Swiss regulatory framework deemed equivalent in Luxembourg

At the beginning of July, the Luxembourg supervisory authority Commission de Surveillance du Secteur Financier (CSSF) published two important regulatory texts which address the provision of investment services to “per se” professional clients and eligible counterparties by third-country firms. From a Swiss perspective, the fact that the Swiss regulatory and supervisory framework has been deemed equivalent is particularly pleasing. In this way, an important precondition was fulfilled for interested Swiss institutions to be able to provide cross-border investment services in Luxembourg to these client segments without being required to have a branch.

Numerous legal acts pertaining to EU financial market law contain provisions governing market access for third-country firms. Some of these provisions also provide for market access and/or regulatory relief if the third country can demonstrate equivalent regulation. Furthermore, so-called national regimes also exist in the area of activities with “per se” professional clients and eligible counterparties. These are effective until the EU or ESMA has reached a decision regarding equivalence for the relevant country under the applicable MiFIR provisions (including the corresponding transition periods). The existing equivalence procedures have been identified by both the federal authorities and market participants as an important element in maintaining and improving market access for Swiss banks to the EU.

National regime in Luxembourg

The national regime in Luxembourg is based on a decision of the CSSF. The corresponding details were set out in Circular No. 19/716 in April 2019. At that time, it was also announced that the CSSF would publish a list of equivalent jurisdictions for the purposes of this circular after a detailed review. This circular was updated as of 1 July 2020 with Circular no. 20/743, which includes additional information regarding the cross-border provision of services. CSSF Regulation 20-2 was adopted at the same time and contains the announced list of jurisdictions deemed by the CSSF as equivalent.
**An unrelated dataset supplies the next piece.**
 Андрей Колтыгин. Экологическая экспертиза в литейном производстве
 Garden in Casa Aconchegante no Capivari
Particularly pleasing is the fact that, together with five other jurisdictions, the Swiss regulatory and supervisory framework has been deemed as equivalent. In this way, an important precondition was fulfilled for interested Swiss institutions to be able to provide cross-border investment services to “per se” professional clients and eligible counterparties domiciled in Luxembourg without being required to have a branch. Such institutions in equivalent jurisdictions are required to submit a corresponding request to the CSSF together with certain supporting documents. Further information can be found via the following links: CSSF Circular 20/743 / CSSF Regulation 20-02.
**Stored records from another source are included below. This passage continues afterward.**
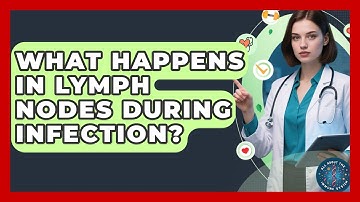 What Happens In Lymph Nodes During Infection? - All About the Immune System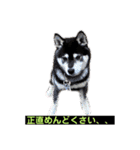 黒柴はちべえ4（個別スタンプ：3）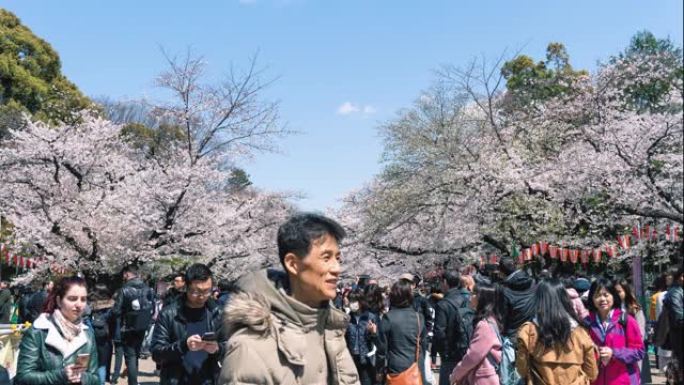 东京上野公园樱花节，延时4k。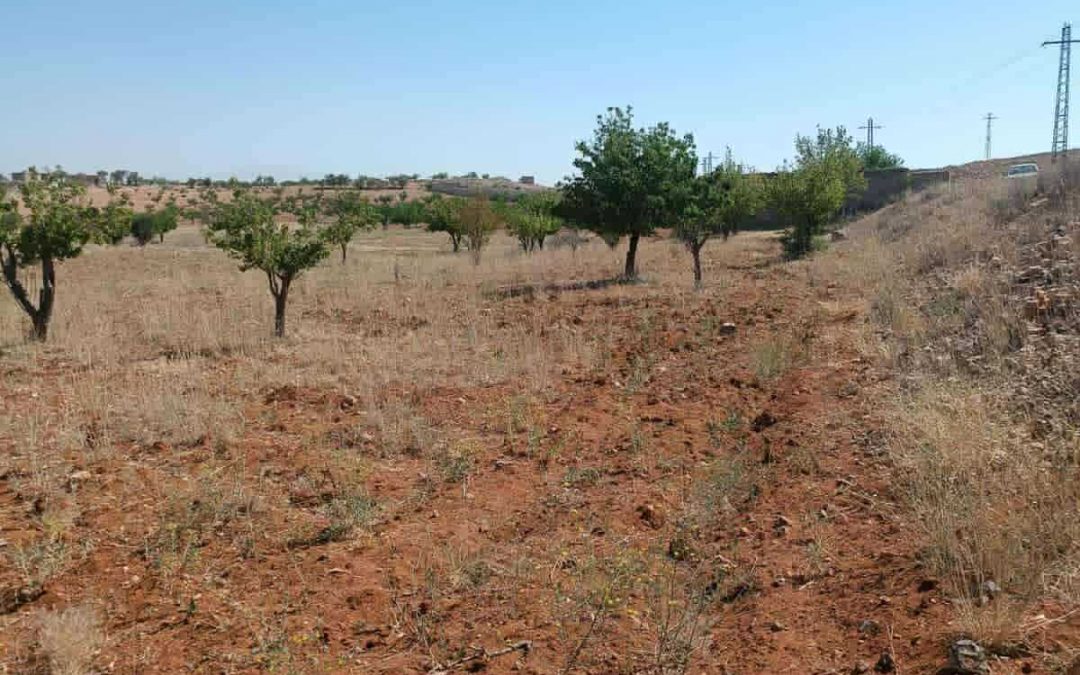 Life Giving Well for Irrigation and Drinking Water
Further positive signal for open markets

Even though the CSSF’s national equivalence regime does not provide Swiss institutions with a European passport or the possibility to offer cross-border services to other EU member states, this decision can be regarded as a further positive signal in terms of open markets. In addition to this, Switzerland and the UK signed a joint statement on future enhanced cooperation in financial services only a short time before this decision was announced. In this statement, both countries announced, among other things, that mutual access to the Swiss and UK stock exchanges are to be made possible by means of mutual recognition as soon as both sides have implemented the necessary steps after the end of the Brexit transition period.

Independently of each other, both events represent a clear commitment to open and integrated financial markets as well as increased regulatory cooperation. They also show that in international comparison, Switzerland has robust and modern financial market regulations which produce a comparable effect to the corresponding EU regulations. It is now to be hoped that the as yet unfinished equivalence procedures, which are relevant for the Swiss banks, will also be swiftly addressed and unblocked at the EU level.